Question

$ACB$ is a right-angled glass prism with refractive index $1.5$. Angle $A$, $B$, $C$ are ${60^ \circ }$,${30^ \circ }$and ${90^ \circ }$ respectively. A thin layer of liquid is on the $AB$. For a ray of light which is incident normally on $AC$ to; be totally reflected at $AB$, the refractive index of the liquid on $AB$ should be;
(A) $1.5$
(B) $1.4$
(C) $1.3$
(D) $1.2$

Answer 1

The above given problem can be solved using the formula that was formulated from Snell's law of refraction with the angle of incident ray and the angle of refractive ray that comes out of the right-angled glass prism.

Formulae Used:
According to Snell’s law of refraction the refractive index of liquid is given by:
$\dfrac{{\sin \,i}}{{\sin \,r}} = \dfrac{\mu }{{{\mu _1}}}$
Where, $\sin \,i$ denotes the angle of incident ray, $\sin \,r$ denotes the angle of refractive ray, $\mu$ denotes the refractive index of the liquid, ${\mu _1}$ denotes the refractive index of the right-angled glass prism.

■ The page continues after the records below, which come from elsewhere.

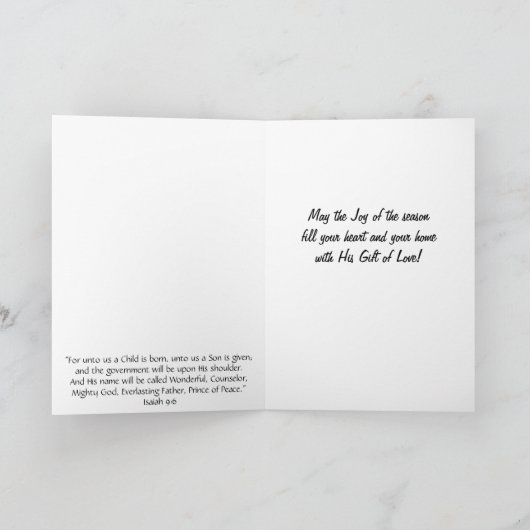 明るい星 シーズンカード (内部)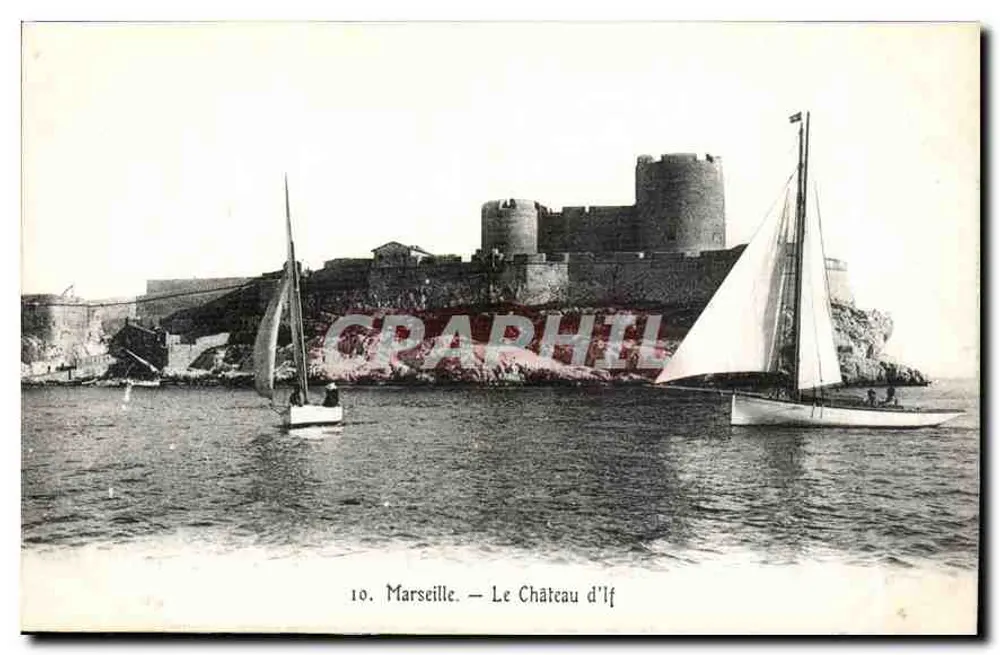 Marseille — O Castelo de If — editor não identificado, n° de série 10 - Frente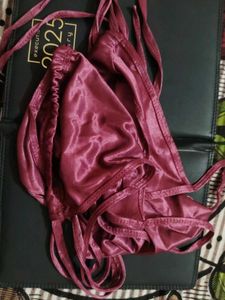 Satin Bikini Set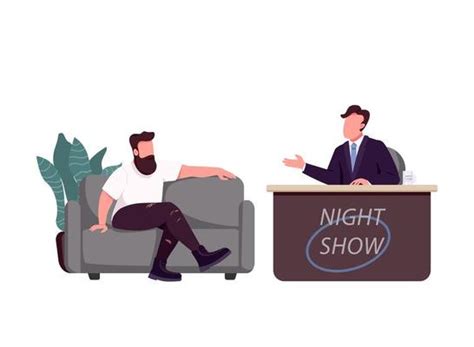 Talk Show Guests Vector Art Icons And Graphics For Free Download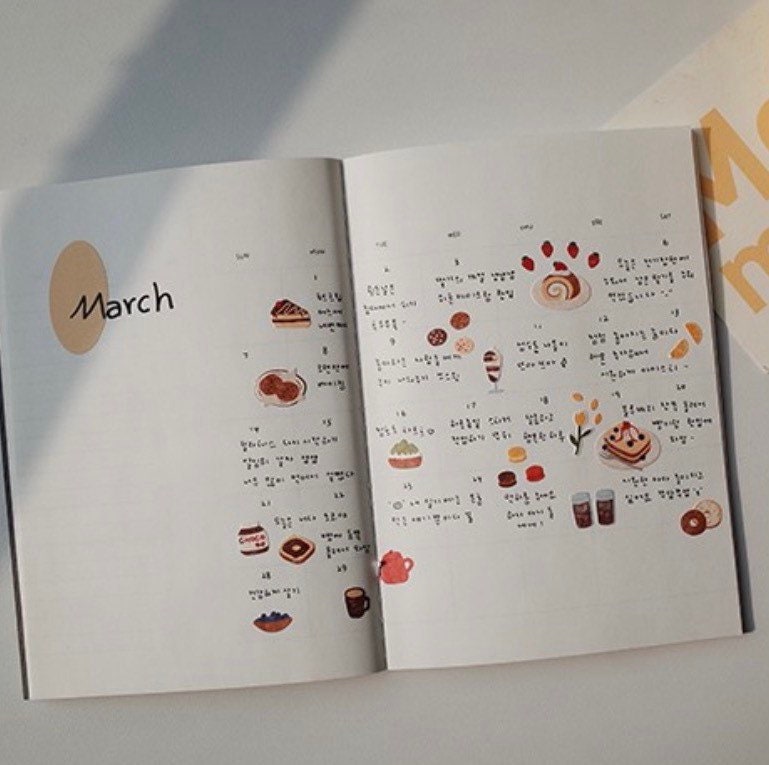 Suatelier Food Trip #4 Sticker Sheet for Journaling and Scrapbooking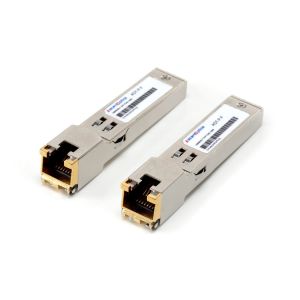 Buy cheap 10 / 100 / 1000BASE-T Copper SFP Optical Transceiver with MSA For GE / FC from wholesalers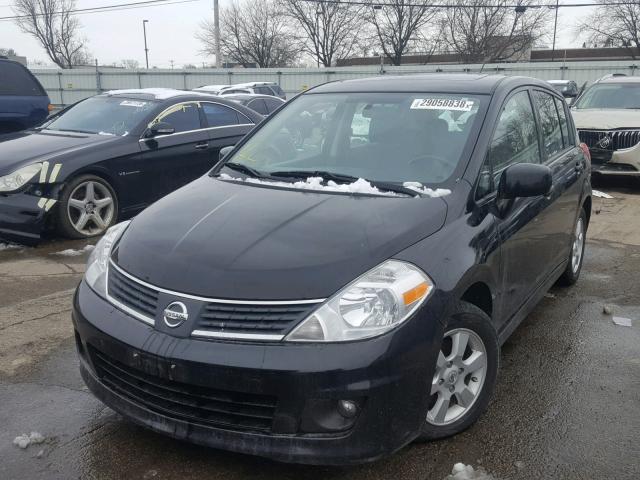 3N1BC13E79L437316 - 2009 NISSAN VERSA S BLACK photo 2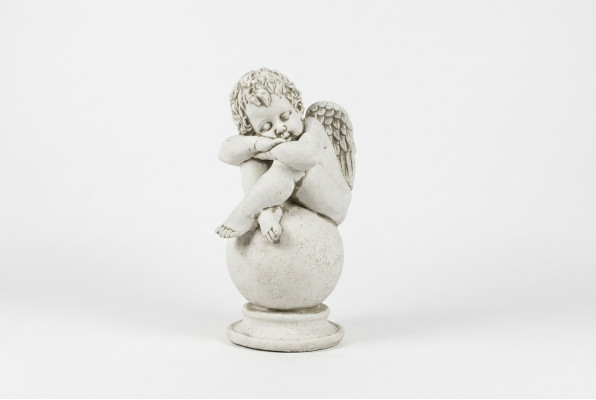 Eņģeļu Kugela Statuja Figūra Figūras Statuja Skulptūra Skulptūras Dārzs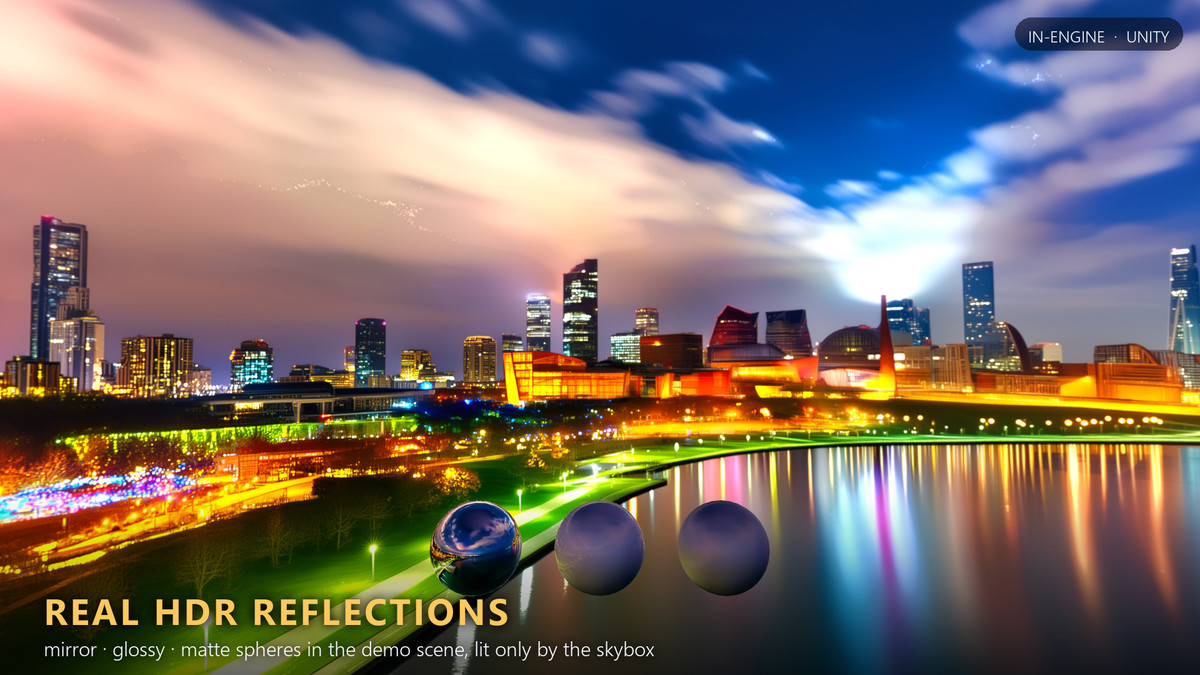 City Lights at Night - 8K True HDR Skyboxes (URP, HDRP)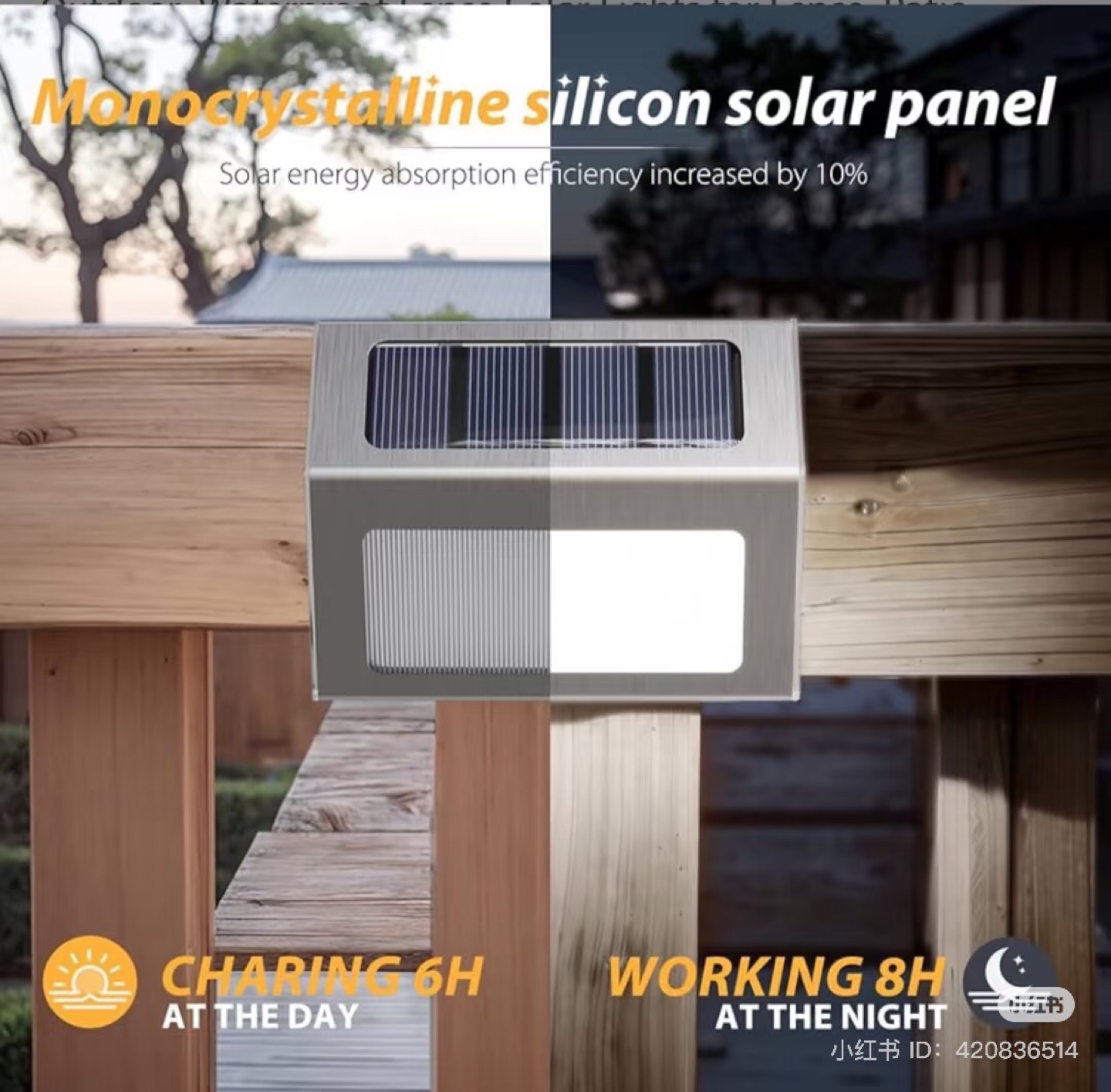 10 Solar Outdoor Lights - Waterproof Outdoor Step Lighting - photo 3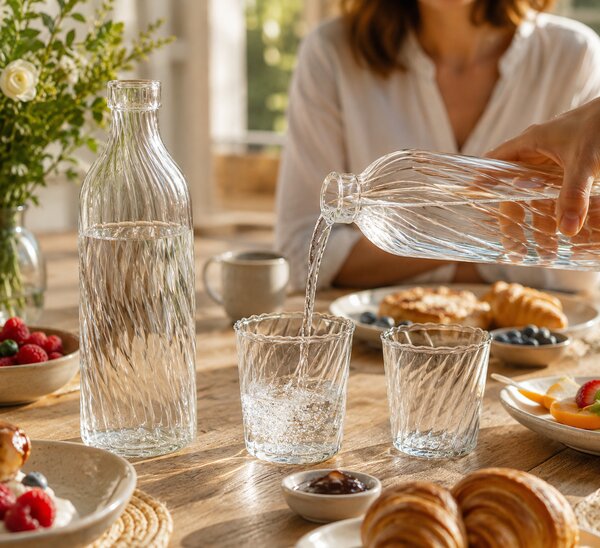 Ichendorf Milano designové láhve Venezia Ottico Bottle With Lid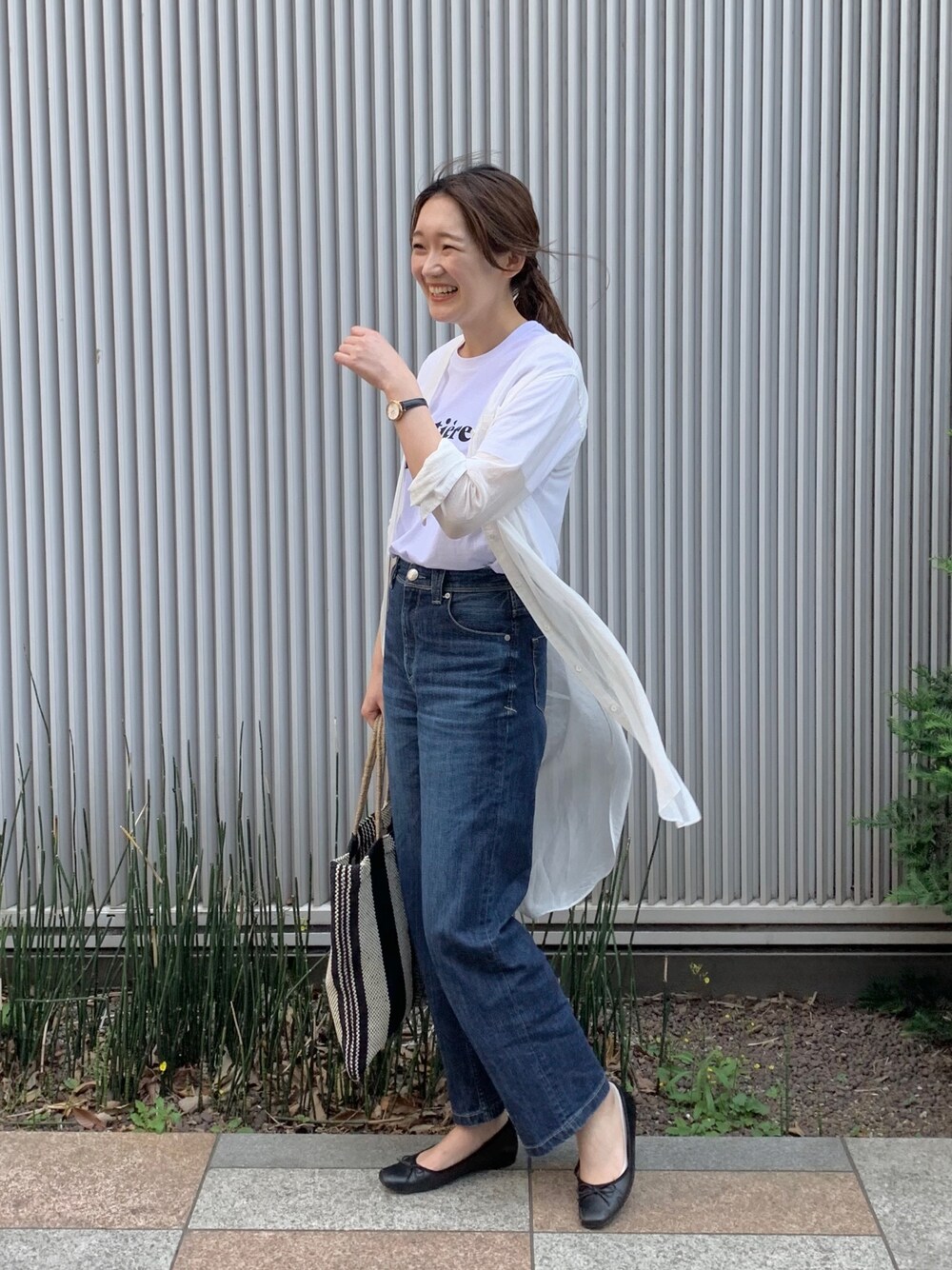 美品✨ ヤヌーク リリス 23 ワイド デニム ストレート 57183071 YANUK ヤヌーク リリス 23 ワイド デニム ストレート 57183071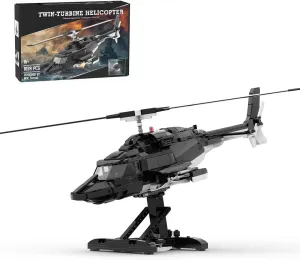 A-Wolf Helicopter Building Blocks and Construction Toy, Collectible Military-Themed Model to Build and Display, Great Gift for Military Fans (995PCS)
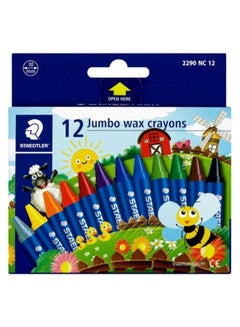 STAEDTLER Jumbo Wax Crayon Set, Pack Of 12 Multicolour 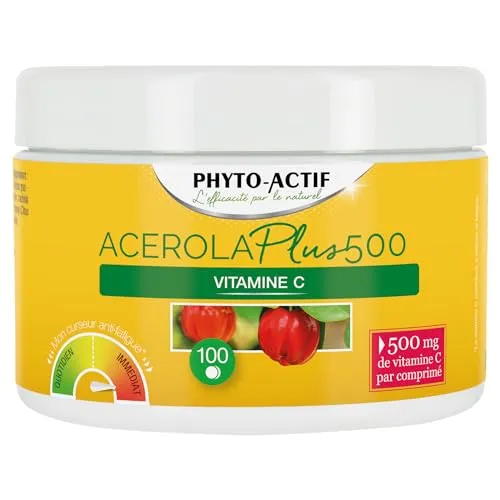 Phyto-Actif Acérola Plus 500 comprimés pot 100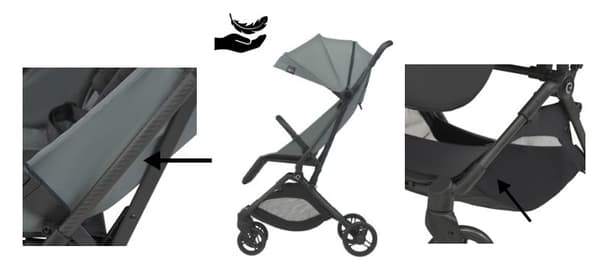 Espiro Pop 2025 barnvagn 10 svart Lucerice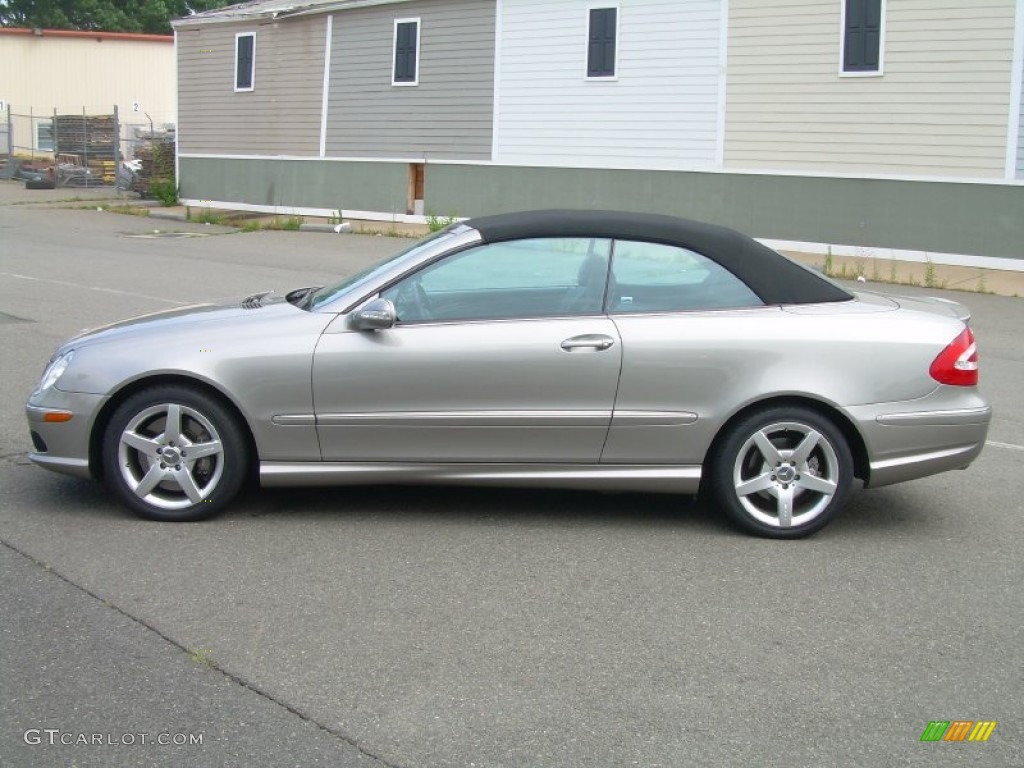 Pewter Metallic 2005 Mercedes-Benz CLK 500 Cabriolet Exterior Photo #50615256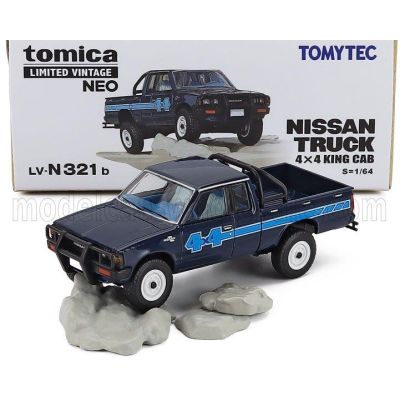 TOMICA DATSUN PICK-UP 4WD 1986 - BLUE 1/64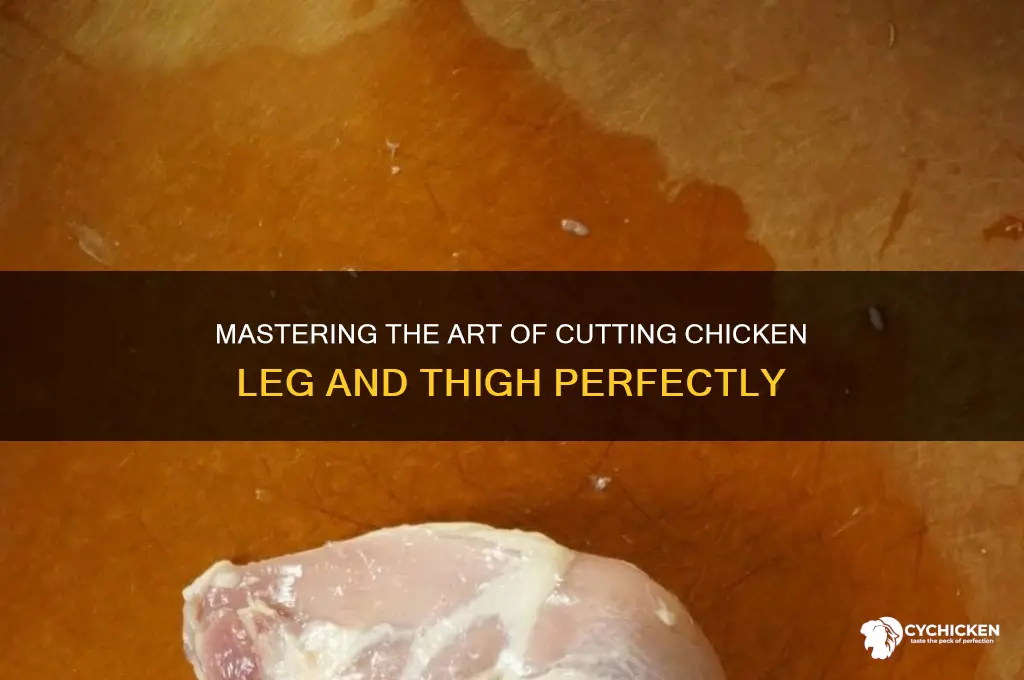 how to cut a chicken leg and thigh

Complete step-by-step solution:

The data given in the problem is;
The refractive index of the right-angled glass prism, ${\mu _1} = 1.5$.
From the given figure,
The angle of incidence, $i = {60^ \circ }$.
The angle of refraction = ${90^ \circ }$.
According to Snell’s law of refraction the refractive index of liquid is:
$\dfrac{{\sin \,i}}{{\sin \,r}} = \dfrac{\mu }{{{\mu _1}}}$
Substitute the values of angle of incidence, angle of refraction, refractive index of the prism in the above equation;
$\dfrac{{\sqrt 3 }}{1} = \dfrac{\mu }{{1.5}} \\\ \mu = 1.3 \\\$
Therefore, the refractive index of the liquid on $AB$ is $\mu = 1.3$.
Hence, the option (C) $\mu = 1.3$ is the correct answer.

Note:- Snell’s law also referred to as the refractive law, is a formula used to outline the connection between the angles of incidence and angle of refraction, it represents to light passing along a boundary between two varying isotropic medium such as water, glass, or air.